Engineering Mechanics

Committee Director

Chuh Mei

Committee Member

Colin Britcher

Committee Member

Gene Hou


A finite element time domain modal formulation for analyzing flutter behavior of aircraft surface panels in hypersonic airflow has been developed and presented for the first time. Von Karman large deflection plate theory is used for description of the structural nonlinearity and third order piston theory is employed to account for the aerodynamic nonlinearity. The thermal loadings of uniformly distributed temperature and temperature gradients across the panel thickness are incorporated into the finite element formulation. By applying the modal reduction technique, the number of governing equations of motion is reduced dramatically so that the computational time of direct numerical integration is dropped significantly. All possible types of panel behavior, including flat, buckled but dynamically stable, limit cycle oscillation (LCO), periodic motion, and chaotic motion can be observed and analyzed. As examples of the applications of the proposed methodology, flutter responses of isotropic, specially orthotropic and laminated composite panels are investigated. Special emphasis is put on the boundary between LCO and chaos, as well as the routes to chaos. A systematic mode filtering procedure that helps mode selection without specific knowledge of the complex mode shapes is presented and illustrated. Influences of aerodynamic parameters, including aerodynamic damping and Mach number, on the panel flutter responses are studied. The importance of nonlinear aerodynamic terms is examined in detail. The supporting conditions and panel aspect ratio on the onset condition of chaos are also investigated as an illustration of optimization among different design options.

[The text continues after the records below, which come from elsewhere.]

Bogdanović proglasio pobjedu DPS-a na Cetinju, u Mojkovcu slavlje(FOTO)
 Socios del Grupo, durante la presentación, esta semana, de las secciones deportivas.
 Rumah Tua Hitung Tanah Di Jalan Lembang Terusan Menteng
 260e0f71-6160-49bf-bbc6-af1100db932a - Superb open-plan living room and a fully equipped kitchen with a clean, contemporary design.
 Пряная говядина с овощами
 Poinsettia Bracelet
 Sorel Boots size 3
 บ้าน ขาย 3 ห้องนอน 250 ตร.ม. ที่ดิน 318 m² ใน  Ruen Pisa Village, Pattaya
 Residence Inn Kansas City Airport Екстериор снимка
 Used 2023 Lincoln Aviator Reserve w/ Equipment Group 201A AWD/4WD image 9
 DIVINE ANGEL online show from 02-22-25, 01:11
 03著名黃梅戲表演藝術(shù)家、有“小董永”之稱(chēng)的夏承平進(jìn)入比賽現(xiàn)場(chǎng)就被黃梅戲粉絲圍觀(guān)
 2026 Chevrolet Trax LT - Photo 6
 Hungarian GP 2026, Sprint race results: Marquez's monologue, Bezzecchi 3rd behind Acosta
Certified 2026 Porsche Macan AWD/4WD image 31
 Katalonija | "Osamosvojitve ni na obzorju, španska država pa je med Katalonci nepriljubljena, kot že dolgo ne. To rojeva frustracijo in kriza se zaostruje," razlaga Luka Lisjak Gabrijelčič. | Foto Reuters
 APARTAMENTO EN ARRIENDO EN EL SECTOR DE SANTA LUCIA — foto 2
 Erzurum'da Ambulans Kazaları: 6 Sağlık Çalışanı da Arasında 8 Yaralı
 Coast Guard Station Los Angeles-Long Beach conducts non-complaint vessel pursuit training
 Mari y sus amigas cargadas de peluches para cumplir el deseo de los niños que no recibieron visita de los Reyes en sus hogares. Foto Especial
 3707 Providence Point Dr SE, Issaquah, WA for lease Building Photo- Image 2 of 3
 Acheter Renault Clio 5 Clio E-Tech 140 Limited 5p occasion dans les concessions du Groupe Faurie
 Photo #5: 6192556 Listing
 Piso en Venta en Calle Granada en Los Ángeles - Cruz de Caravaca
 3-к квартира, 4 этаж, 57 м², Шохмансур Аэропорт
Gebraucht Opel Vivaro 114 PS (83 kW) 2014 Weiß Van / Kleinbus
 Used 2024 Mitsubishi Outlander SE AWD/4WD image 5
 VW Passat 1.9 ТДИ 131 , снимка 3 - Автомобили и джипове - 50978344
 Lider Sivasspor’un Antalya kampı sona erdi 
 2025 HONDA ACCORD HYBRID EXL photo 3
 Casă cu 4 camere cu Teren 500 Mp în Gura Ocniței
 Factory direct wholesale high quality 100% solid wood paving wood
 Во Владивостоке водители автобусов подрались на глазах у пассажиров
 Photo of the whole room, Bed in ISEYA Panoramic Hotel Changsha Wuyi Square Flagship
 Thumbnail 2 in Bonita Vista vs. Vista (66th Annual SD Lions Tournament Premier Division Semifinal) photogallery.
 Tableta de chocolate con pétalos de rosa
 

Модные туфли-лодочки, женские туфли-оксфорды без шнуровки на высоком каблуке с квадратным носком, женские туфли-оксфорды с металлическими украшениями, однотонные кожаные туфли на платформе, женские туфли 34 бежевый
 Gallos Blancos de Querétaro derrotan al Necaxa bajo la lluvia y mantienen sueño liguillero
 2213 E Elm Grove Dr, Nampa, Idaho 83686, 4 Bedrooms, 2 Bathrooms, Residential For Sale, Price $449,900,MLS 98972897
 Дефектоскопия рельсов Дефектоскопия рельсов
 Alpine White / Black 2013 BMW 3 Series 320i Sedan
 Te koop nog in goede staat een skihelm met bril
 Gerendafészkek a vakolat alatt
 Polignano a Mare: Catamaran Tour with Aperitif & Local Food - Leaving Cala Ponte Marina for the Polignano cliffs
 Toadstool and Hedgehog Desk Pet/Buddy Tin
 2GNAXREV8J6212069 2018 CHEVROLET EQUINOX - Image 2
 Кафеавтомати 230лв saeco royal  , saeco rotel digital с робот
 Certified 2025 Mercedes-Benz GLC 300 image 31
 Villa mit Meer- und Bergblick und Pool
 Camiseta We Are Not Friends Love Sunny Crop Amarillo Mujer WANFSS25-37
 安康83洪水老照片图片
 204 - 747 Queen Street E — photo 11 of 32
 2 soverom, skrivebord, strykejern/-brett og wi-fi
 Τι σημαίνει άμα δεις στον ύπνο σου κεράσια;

Several mathematical tools, including the time history, phase plane plot, Poincaré map, and bifurcation diagram are employed in the chaos study. The largest Lyapunov exponent is also evaluated to assist in detection of chaos. It is found that at low or moderately high nondimensional dynamic pressures, the fluttering panel typically takes a period-doubling route to evolve into chaos, whereas at high nondimensional dynamic pressure, the route to chaos generally involves bursts of chaos and rejuvenations of periodic motions. Various bifurcation behaviors, such as the Hopf bifurcation, pitchfork bifurcation, and transcritical bifurcation, are observed.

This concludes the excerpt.